#### Given information:
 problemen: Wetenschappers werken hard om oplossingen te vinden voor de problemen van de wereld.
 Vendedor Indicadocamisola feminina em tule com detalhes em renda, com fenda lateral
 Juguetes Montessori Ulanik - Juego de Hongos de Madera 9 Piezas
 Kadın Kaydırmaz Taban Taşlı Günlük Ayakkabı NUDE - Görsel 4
==
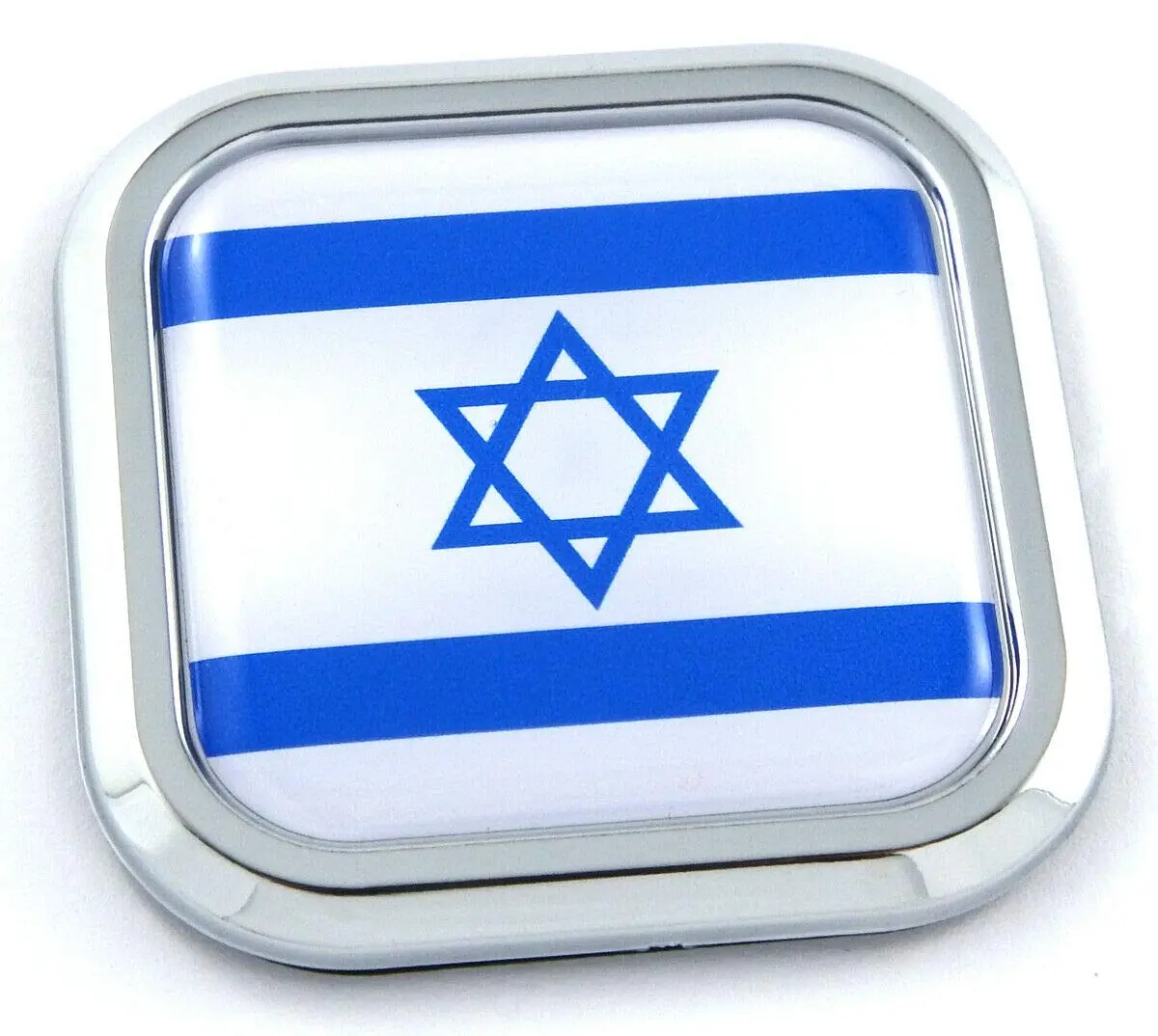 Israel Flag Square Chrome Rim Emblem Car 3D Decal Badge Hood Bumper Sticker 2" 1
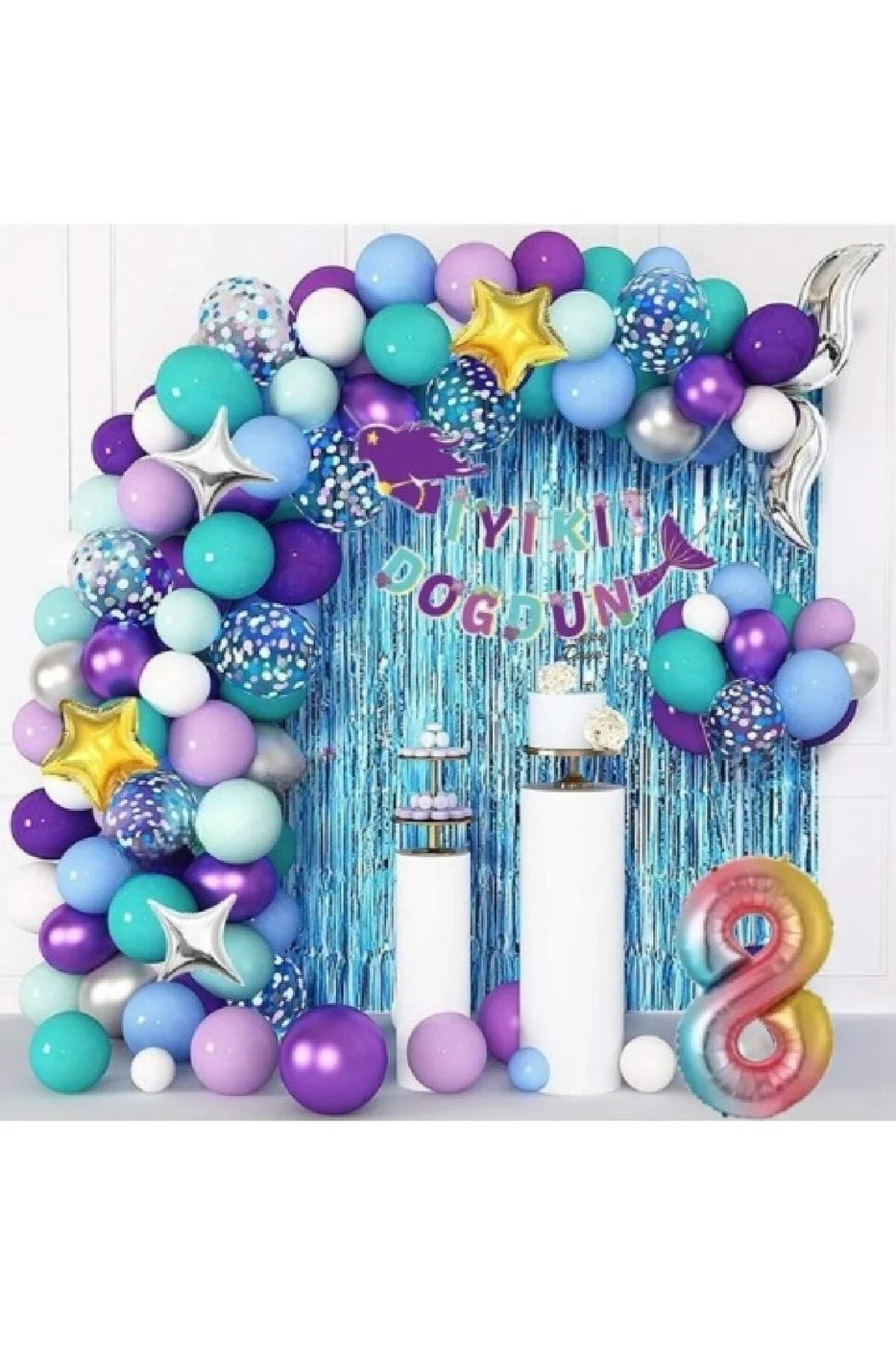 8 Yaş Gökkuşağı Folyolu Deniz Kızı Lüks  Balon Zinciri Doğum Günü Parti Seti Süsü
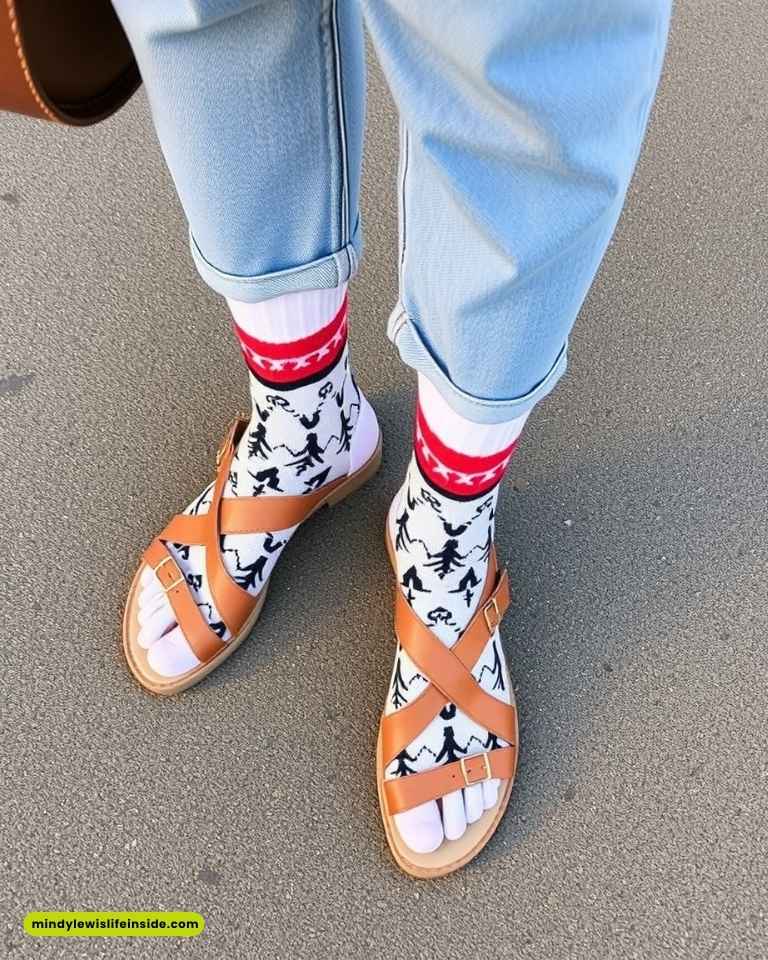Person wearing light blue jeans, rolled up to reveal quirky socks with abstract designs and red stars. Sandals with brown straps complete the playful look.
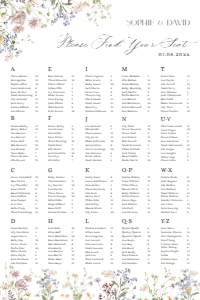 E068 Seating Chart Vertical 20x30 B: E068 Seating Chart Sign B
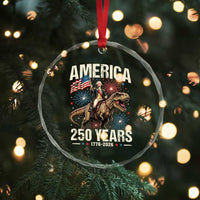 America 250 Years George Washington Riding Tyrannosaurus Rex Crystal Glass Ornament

#### What is needed:
Every line above from the line with "problemen: Wetenschappers werken" to the line with "Kadın Kaydırmaz Taban", both included, must be reproduced exactly, and no other line may appear.

#### Your solution:
 problemen: Wetenschappers werken hard om oplossingen te vinden voor de problemen van de wereld.
 Vendedor Indicadocamisola feminina em tule com detalhes em renda, com fenda lateral
 Juguetes Montessori Ulanik - Juego de Hongos de Madera 9 Piezas
 Kadın Kaydırmaz Taban Taşlı Günlük Ayakkabı NUDE - Görsel 4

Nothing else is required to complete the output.